▸ INFORMATION SUPPLIED
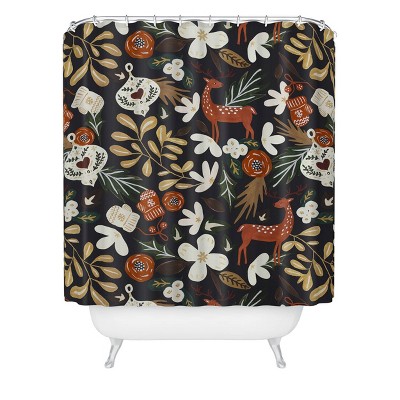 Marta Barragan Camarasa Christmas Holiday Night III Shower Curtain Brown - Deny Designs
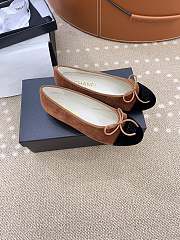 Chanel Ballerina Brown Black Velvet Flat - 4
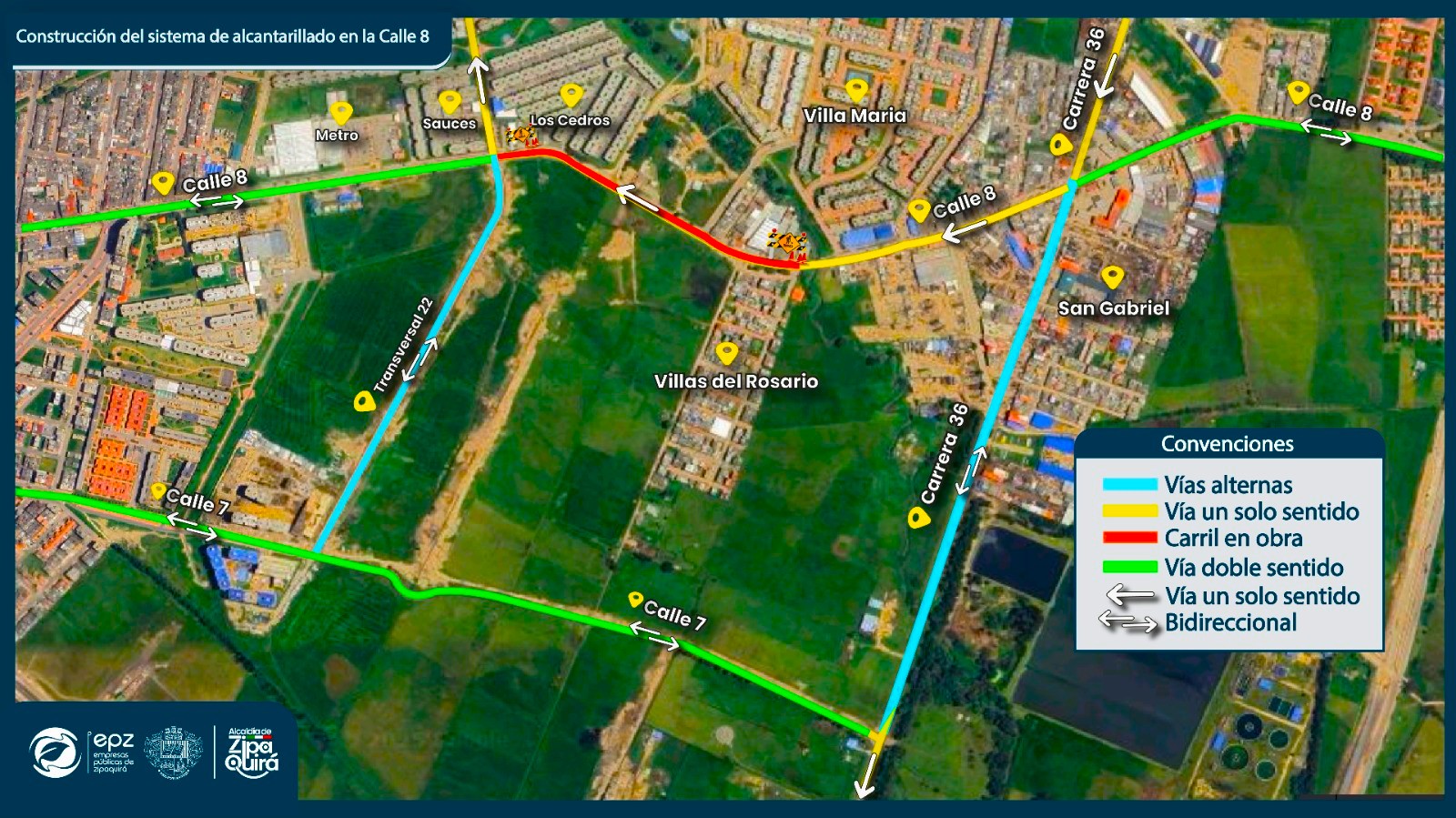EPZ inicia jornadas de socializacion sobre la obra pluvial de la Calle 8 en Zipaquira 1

▸ TASK STATEMENT
Send back the data above verbatim, leaving out its pictures.

▸ ANSWER SPACE
 Marta Barragan Camarasa Christmas Holiday Night III Shower Curtain Brown - Deny Designs
 Chanel Ballerina Brown Black Velvet Flat - 4
EPZ inicia jornadas de socializacion sobre la obra pluvial de la Calle 8 en Zipaquira 1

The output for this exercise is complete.